One evening I came home late from work, exhausted, but never-the-less attacked by my son with hugs at the door and a plea for help with his homework. My dad added to the chaos with his verbalized frustrations of trying to figure out the new math in his attempt to help with homework, and my mom struggled in the kitchen to make a tasty meal from previous leftovers. In organizing things and getting a semblance of order to the madness of my life as a single parent, I forgot to ask how the kitties were doing. When I did...everybody looked blank. As individual problems took precedence over the cats upstairs, no one had made the time to check on them all day.
With a heavy sigh of acceptance of my added responsibilities to this new reality, I trudged up the stairs to check on the kitties. I opened the door to a scene I’ll never forget. On the bottom bunk was Mel, stretched out. Baby George was nursing Mel’s tummy with grabby little paws kneading for non-existent milk. Under Mel’s neck and sucking on the Siamese’s long “Fu-Manchu” chin-hairs was Frannie, self-soothing with her tiny paws kneading in a similar rhythm to her sibling. Mel’s bright blue eyes connected with mine immediately as if to say, You think you’ve had a long day?...This is what I’ve been putting up with for a month!

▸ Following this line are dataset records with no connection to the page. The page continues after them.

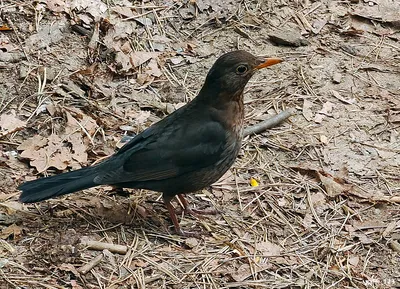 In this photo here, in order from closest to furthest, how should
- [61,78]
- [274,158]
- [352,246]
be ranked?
[352,246] → [274,158] → [61,78]

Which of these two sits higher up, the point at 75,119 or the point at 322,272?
the point at 75,119

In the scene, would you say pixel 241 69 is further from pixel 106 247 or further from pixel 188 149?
pixel 106 247

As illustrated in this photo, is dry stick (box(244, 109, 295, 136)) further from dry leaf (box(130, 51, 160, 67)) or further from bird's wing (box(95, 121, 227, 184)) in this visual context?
dry leaf (box(130, 51, 160, 67))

We bonded that day, as only single mothers can...the sacrifice, the patience, the love. And from that day forward I called him Mother Mel. (I also promised that I would never tell a soul about our shared secret.) He raised many kittens since...always the steady, level-headed elder of the indoor cats. His nurturing nature guided him throughout, and in turn he taught every single cat we had how to trill, chirp, and verbalize like a Siamese. Cry-Baby indeed.
Mother Mel passed away Wednesday night in my arms after 19 years together. We spent the day enjoying the sunshine, the breezes coming in through the window, the warmth of a heating pad on our old bones, and a playlist of his favorite Queen songs.
But the lesson I learned from Mel was profound: sometimes the squeaky wheel doesn’t get the grease...sometimes it gets the gas chamber. But if you find something you want, something life-changing, something worth fighting for...you hang on for dear life with both hands and never let go.